» Your assignment:
Reproduce the data exactly as given, except for any images.

» Supplied material:
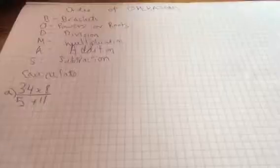Today we are doing order of operations. It's the order you should calculate stuff in maths. So let's do this.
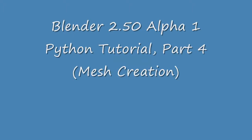The name of this video is Ira Krakow's Blender 2.50 Alpha 1 Python Tutorial, Part 4.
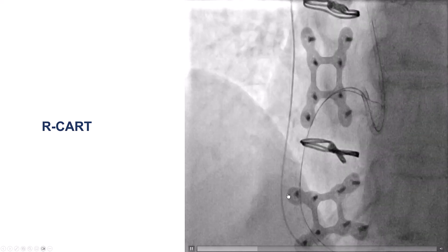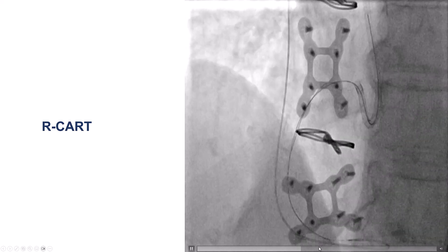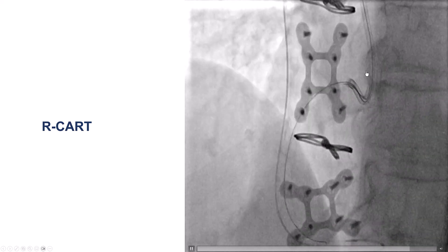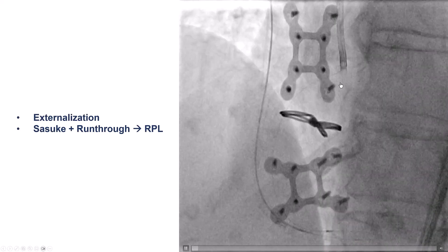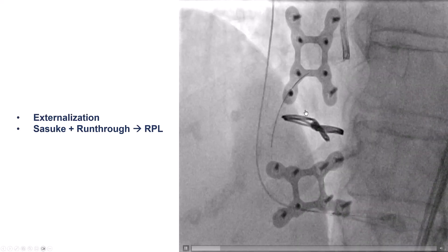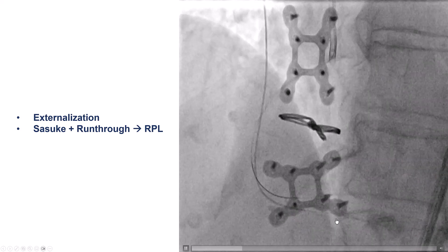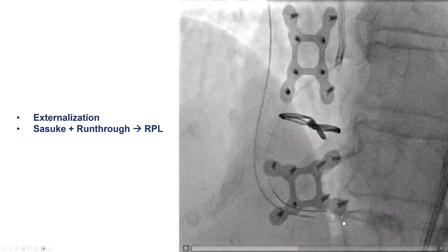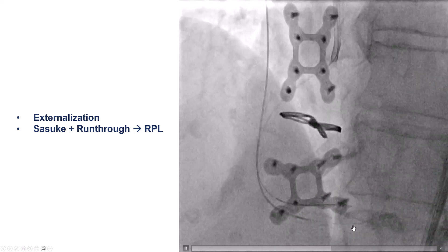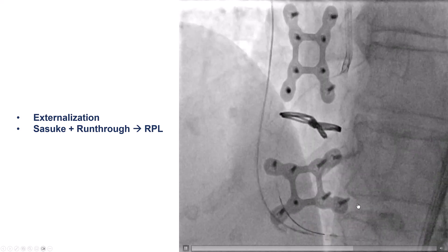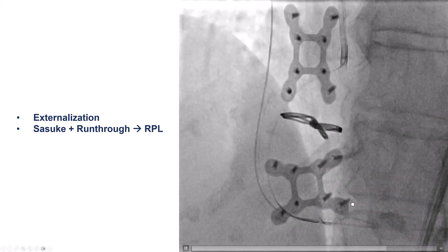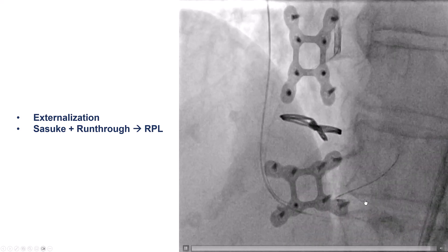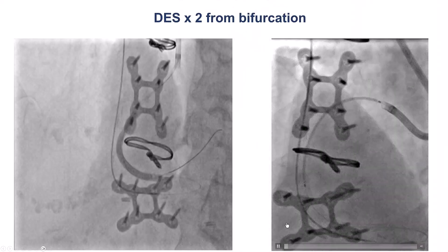We did a reverse CART with a balloon distally, and then we were able to advance the retrograde guide wire inside the antegrade Amplatz 1 guide catheter, externalized with an R350. Given the bifurcation, we advanced the dual-lumen microcatheter — a Sasuke — close to the PDA-PLV bifurcation, and then used a workhorse guide wire Run-Through to wire into the right posterolateral. This is very important before stenting, to have access to the vessel in case it becomes occluded.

» Result:
Today we are doing order of operations. It's the order you should calculate stuff in maths. So let's do this.
The name of this video is Ira Krakow's Blender 2.50 Alpha 1 Python Tutorial, Part 4.
We did a reverse CART with a balloon distally, and then we were able to advance the retrograde guide wire inside the antegrade Amplatz 1 guide catheter, externalized with an R350. Given the bifurcation, we advanced the dual-lumen microcatheter — a Sasuke — close to the PDA-PLV bifurcation, and then used a workhorse guide wire Run-Through to wire into the right posterolateral. This is very important before stenting, to have access to the vessel in case it becomes occluded.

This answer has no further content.